# Assignment
Everything in the listing except the pictures should be written out exactly.

* * * * *

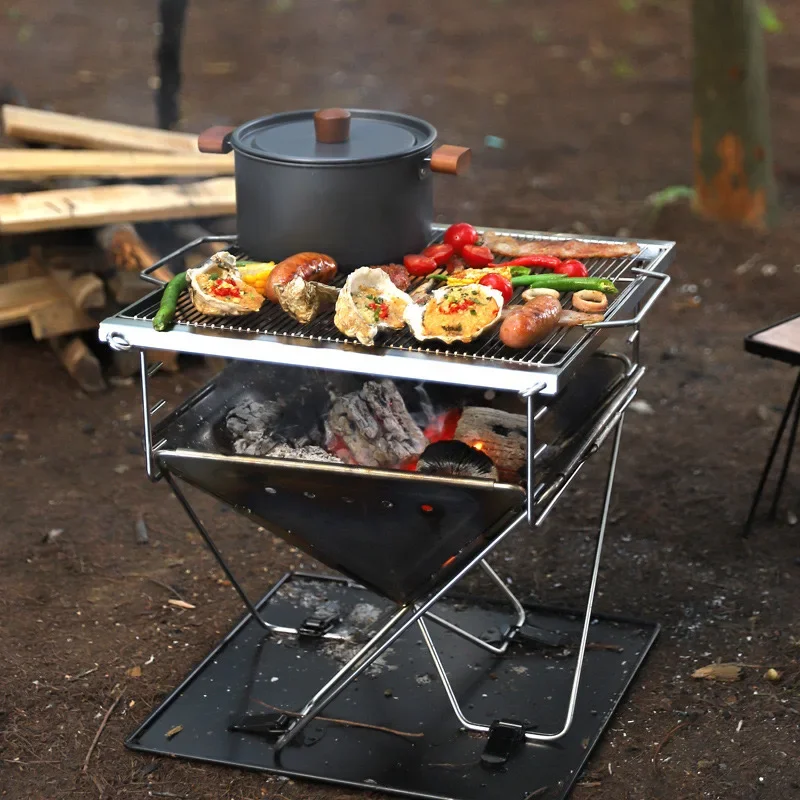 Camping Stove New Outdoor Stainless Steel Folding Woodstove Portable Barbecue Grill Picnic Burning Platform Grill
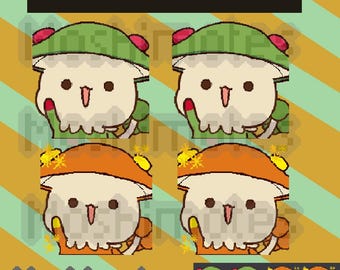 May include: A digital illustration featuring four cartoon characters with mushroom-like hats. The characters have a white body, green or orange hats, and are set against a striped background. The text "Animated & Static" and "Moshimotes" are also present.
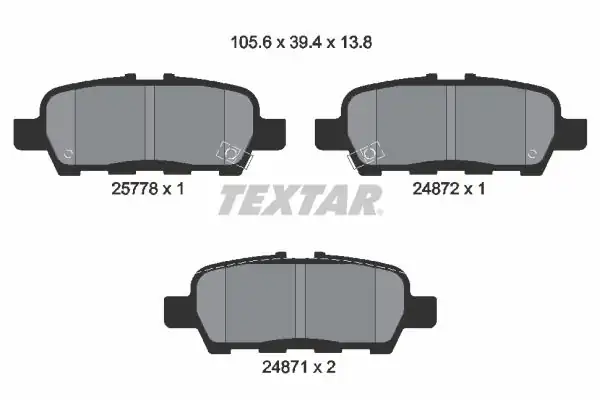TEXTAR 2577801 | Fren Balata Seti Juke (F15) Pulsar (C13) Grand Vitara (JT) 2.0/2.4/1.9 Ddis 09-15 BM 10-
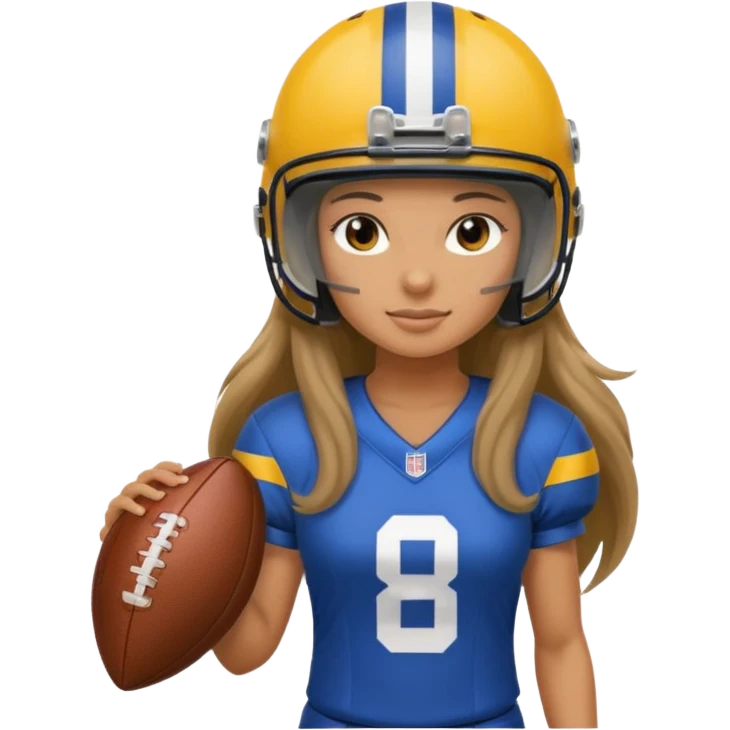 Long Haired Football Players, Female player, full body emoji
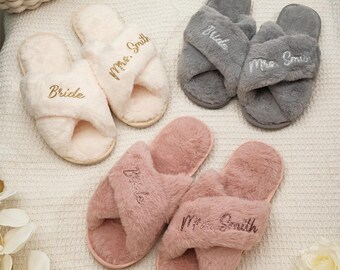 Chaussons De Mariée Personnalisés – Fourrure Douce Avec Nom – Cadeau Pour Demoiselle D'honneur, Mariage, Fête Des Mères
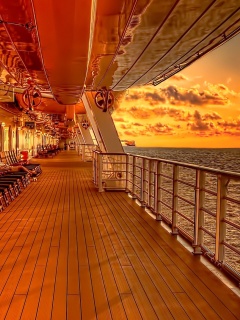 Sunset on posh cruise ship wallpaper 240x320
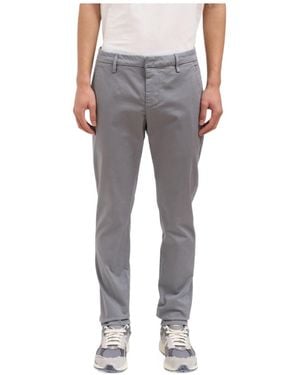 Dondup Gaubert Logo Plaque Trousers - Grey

* * * * *

# Solution to the problem
 Camping Stove New Outdoor Stainless Steel Folding Woodstove Portable Barbecue Grill Picnic Burning Platform Grill
 May include: A digital illustration featuring four cartoon characters with mushroom-like hats. The characters have a white body, green or orange hats, and are set against a striped background. The text "Animated & Static" and "Moshimotes" are also present.
TEXTAR 2577801 | Fren Balata Seti Juke (F15) Pulsar (C13) Grand Vitara (JT) 2.0/2.4/1.9 Ddis 09-15 BM 10-
 Long Haired Football Players, Female player, full body emoji
 Chaussons De Mariée Personnalisés – Fourrure Douce Avec Nom – Cadeau Pour Demoiselle D'honneur, Mariage, Fête Des Mères
 Sunset on posh cruise ship wallpaper 240x320
 Dondup Gaubert Logo Plaque Trousers - Grey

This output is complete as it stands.